Broken Song: T. G. H. Strehlow and Aboriginal Possession (biography), Knopf (Milsons Point, New South Wales, Australia), 2002.

SIDELIGHTS: A respected, award-winning author of poetry, social history, fiction, travel books, and biography, Australian writer Barry Hill drew on not only his literary background but also his knowledge as a former journalist and psychologist to write what Stephen Bennetts described in the Journal of Australian Studies as an "ambitious 757-page biography of Australian anthropologist Ted Strehlow." Broken Song: T. G. H. Strehlow and Aboriginal Possession took Hill twelve years to research and write; the results have been praised by many critics.

Strehlow was the son of a Lutheran minister whose efforts to bring Christianity to the Aborigines of Australia had a profound effect on Strehlow as he grew up during the early twentieth century. The younger Strehlow was fluent at an early age in not only English and German, but also in the native Aranda tongue. Aborigines were frequently invited to his family's home, and Strehlow developed a profound respect for their culture, language, and religion. As an adult, he spent his life helping to preserve that culture, conducting extensive research as an anthropologist and translating the songs of the Aranda into English in his book Songs of Central Australia. He was also noted for translating the New Testament into the Aranda language.

Strehlow was also a somewhat controversial figure, especially during his last decade of life. In the 1970s, when, becoming desperate for money, he sold several photographs depicting secret Aranda ceremonies to the German magazine Stern. Strehlow thought that the photographs would only be published and available in Europe, but they made their way to Australia, much to the dismay and shock of the Aranda people. Strehlow spent his remaining years discredited and shunned by his fellow scholars, as well as by the people he believed he was meant to help.

In addition to exploring Strehlow's life and contributions to anthropology, the author speculates on the psychology of this complex man, who serves as a unique touchstone for illustrating the entanglements between white and Australian Aboriginal cultures. As Quadrant critic Gary Clark asserted, "Hill's book is not only engaging because of its detailed scholarship regarding things Aboriginal, but also because he contextualises his account of cultural exchange, reminding us of the historical and cultural background of the Lutheran missionaries." Clark concluded that Broken Song is "an important scholarly documentation of Central Australia's early social history." In addition to its perspective on social history, however, Hill's book illuminates some of Australia's literary history. Clark observed, "We learn of Strehlow's early association with the Jindyworobaks, and specifically his meeting with Rex Ingamells, and their correspondence about Ingamell's first volume of poems entitled Gumtops, in which the poet first applied his theory of environmental aesthetics to Central Australia."

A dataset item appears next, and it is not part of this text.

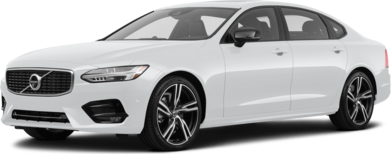 S90 T8 R-Design Sedan 4D image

Clark also complimented the author on his "psychological speculation" of Strehlow, which offers "the reader a coherent impression of a complex and brilliant character." On the other hand, Australian Aboriginal Studies reviewer Michael Jackson felt that "Hill's sometimes banal Freudian observations only distract us from the social and historical issues that are raised here." Nevertheless, reviewers such as Bennetts greatly appreciated the biography, which overcomes the "bogeyman" reputation Strehlow received in his later life to restore "a far richer and more complex reality, which serves to illuminate many facts of twentieth-century Australian cultural and social history."

BIOGRAPHICAL AND CRITICAL SOURCES:

PERIODICALS

Australian Aboriginal Studies, spring, 2003, Michael Jackson, review of Broken Song: T. G. H. Strehlow and Aboriginal Possession, p. 88.

Journal of Australian Studies, June, 2003, Stephen Bennetts, review of Broken Song, p. 168.

Quadrant, April, 2003, Gary Clark, "Contract and Tragedy," review of Broken Song and The Inland Sea, p. 51.